Released by the Allen Institute for AI (AI2) on June 17, 2026, MolmoMotion is not just another research paper; it's a practical, open-source tool designed to help developers and researchers build more intelligent systems. Imagine telling an AI, "Move the cup to the left," and having it accurately predict the cup's 3D trajectory. This capability has huge implications for robotics, video generation, and many other fields. This tutorial will guide you through understanding what MolmoMotion is, how it works, and how you can start exploring its potential.

What is MolmoMotion and Why Does it Matter?

MolmoMotion is a cutting-edge AI model that focuses on language-guided 3D motion forecasting. In simple terms, it predicts how an object will move in a three-dimensional space, and it takes specific instructions written in plain language to guide that prediction. Think of it as giving a command to an AI, like "Rotate the wooden bowl with fruit on the table," and the system then calculates the precise 3D path the bowl will take over the next few seconds.

The core problem MolmoMotion solves is the leap from retrospective perception (understanding past motion) to prospective forecasting (predicting future motion). Traditional computer vision excels at tracking objects that have already moved. However, many real-world applications, like a robot planning to grab a moving object or an AI generating a video with physically accurate actions, need to know what's going to happen next. MolmoMotion bridges this gap by providing a way for AI systems to "look forward."

What makes MolmoMotion particularly impactful is its ability to generalize. It's designed to be class-agnostic, meaning it's not limited to predicting the motion of specific types of objects like human bodies or rigid tools. It can handle a wide variety of objects and motions, from a lint roller on cloth to a car turning on a road. This versatility, combined with its view-stable representation of motion (consistent across different camera angles), makes it a powerful foundation for many downstream applications.

How MolmoMotion Works: The Technical Core

At its heart, MolmoMotion leverages the capabilities of Molmo 2, a powerful multimodal model suite, as its backbone. This allows it to connect visual information from images and videos with textual instructions. The process can be broken down into a few key stages:

Input and Understanding

MolmoMotion takes three main types of input for its predictions:

RGB Observation: This is typically a video frame or a short video history, providing the visual context of the scene and the object in question.
Query Points: A set of 3D points marked on the object whose motion you want to predict. These points define the object's initial position and shape within the 3D space.
Action Description: A written instruction in natural language that describes the intended action or movement of the object, such as "slide the book across the table" or "lift the box."
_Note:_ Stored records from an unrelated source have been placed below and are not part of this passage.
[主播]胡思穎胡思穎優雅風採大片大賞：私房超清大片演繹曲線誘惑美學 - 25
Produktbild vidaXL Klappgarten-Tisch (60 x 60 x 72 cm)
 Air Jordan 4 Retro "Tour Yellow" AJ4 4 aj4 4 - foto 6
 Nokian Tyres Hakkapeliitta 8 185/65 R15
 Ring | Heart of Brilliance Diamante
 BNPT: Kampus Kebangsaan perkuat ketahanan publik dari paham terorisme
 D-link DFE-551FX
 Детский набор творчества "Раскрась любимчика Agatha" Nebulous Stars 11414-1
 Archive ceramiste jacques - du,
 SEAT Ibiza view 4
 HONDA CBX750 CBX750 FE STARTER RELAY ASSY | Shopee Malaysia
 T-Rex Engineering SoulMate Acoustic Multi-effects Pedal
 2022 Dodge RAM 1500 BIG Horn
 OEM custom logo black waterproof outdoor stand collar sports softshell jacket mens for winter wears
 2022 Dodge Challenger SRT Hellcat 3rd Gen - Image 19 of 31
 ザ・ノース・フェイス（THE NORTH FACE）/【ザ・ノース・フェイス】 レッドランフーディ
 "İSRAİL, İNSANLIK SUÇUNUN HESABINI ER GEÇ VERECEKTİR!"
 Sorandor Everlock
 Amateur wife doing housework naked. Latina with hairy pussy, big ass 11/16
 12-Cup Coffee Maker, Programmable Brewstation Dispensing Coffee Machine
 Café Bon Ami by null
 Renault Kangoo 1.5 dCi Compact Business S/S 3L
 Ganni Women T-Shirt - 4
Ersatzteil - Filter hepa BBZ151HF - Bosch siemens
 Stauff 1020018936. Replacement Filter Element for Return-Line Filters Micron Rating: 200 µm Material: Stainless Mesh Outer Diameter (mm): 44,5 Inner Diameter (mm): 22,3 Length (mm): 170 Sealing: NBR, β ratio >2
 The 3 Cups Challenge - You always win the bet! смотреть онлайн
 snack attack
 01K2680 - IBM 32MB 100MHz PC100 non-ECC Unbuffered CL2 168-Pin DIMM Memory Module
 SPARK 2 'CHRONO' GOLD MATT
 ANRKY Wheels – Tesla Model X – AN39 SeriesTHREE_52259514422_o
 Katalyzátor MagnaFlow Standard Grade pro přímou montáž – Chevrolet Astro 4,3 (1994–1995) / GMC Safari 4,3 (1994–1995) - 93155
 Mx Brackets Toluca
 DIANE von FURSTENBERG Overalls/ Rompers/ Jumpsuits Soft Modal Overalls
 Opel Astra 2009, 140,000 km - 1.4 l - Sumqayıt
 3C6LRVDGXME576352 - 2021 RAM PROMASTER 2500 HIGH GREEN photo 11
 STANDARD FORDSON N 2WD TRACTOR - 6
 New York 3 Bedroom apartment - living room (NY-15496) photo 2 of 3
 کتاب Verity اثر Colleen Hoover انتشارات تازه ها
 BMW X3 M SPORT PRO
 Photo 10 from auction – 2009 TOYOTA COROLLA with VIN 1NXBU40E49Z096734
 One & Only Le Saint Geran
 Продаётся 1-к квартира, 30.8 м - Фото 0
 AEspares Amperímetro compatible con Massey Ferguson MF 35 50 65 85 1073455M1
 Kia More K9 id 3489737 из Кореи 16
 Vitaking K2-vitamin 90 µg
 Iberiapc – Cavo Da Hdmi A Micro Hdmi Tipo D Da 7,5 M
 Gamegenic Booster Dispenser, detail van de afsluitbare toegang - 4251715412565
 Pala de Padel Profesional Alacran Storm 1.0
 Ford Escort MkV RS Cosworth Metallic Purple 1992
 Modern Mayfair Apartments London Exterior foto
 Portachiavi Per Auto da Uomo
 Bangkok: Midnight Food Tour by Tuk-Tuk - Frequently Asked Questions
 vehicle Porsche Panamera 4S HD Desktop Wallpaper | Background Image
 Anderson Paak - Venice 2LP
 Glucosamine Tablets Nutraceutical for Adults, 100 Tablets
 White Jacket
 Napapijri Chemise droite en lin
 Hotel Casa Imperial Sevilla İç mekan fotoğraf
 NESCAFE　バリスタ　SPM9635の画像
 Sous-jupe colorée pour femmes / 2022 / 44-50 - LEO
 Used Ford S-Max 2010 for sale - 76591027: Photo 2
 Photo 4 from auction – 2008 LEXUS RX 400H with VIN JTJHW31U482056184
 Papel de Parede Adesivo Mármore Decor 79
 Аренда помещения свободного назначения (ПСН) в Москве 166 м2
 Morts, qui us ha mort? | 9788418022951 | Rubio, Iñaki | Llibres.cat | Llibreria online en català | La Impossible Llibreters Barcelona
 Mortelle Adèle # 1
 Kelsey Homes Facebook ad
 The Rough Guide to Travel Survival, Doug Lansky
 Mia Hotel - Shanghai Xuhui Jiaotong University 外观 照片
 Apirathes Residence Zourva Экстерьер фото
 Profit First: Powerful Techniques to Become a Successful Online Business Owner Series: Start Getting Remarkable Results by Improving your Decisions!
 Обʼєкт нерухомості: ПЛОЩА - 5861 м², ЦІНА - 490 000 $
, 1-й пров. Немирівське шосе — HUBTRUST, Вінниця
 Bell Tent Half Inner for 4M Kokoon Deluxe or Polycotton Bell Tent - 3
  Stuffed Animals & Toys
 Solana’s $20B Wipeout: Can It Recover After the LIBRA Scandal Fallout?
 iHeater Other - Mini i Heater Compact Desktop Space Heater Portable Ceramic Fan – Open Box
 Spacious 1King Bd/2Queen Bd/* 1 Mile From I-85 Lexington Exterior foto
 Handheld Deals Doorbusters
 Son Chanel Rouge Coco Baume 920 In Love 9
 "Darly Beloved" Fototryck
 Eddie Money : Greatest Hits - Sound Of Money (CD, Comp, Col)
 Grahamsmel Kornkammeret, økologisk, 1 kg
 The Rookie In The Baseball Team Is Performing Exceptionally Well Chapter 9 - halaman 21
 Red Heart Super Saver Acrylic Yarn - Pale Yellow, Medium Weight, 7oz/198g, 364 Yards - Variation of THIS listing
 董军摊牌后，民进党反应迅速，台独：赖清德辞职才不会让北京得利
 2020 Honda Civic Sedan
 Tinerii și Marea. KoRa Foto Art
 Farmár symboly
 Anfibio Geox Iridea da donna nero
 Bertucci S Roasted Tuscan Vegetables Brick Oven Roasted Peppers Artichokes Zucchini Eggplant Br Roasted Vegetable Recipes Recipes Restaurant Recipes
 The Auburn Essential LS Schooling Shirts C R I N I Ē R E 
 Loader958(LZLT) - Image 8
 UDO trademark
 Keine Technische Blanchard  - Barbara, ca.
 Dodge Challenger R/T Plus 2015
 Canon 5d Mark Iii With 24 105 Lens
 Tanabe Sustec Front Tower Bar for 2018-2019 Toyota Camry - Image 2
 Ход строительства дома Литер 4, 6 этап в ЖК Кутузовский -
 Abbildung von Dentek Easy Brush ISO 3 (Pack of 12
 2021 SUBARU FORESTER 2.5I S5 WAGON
Using its Molmo 2 backbone, the model first processes these inputs to understand the scene. It identifies the specific object being referred to in the language instruction, grounds the query points to that object, and interprets the described motion.

Representing and Predicting Motion

MolmoMotion represents motion in a clever and efficient way: as object-attached 3D points in world space. This means it tracks the movement of specific points on the object rather than trying to render or predict full video frames, which is much more computationally intensive. This point-based representation is also directly usable by systems that need to reason about physical motion, like robotic arms.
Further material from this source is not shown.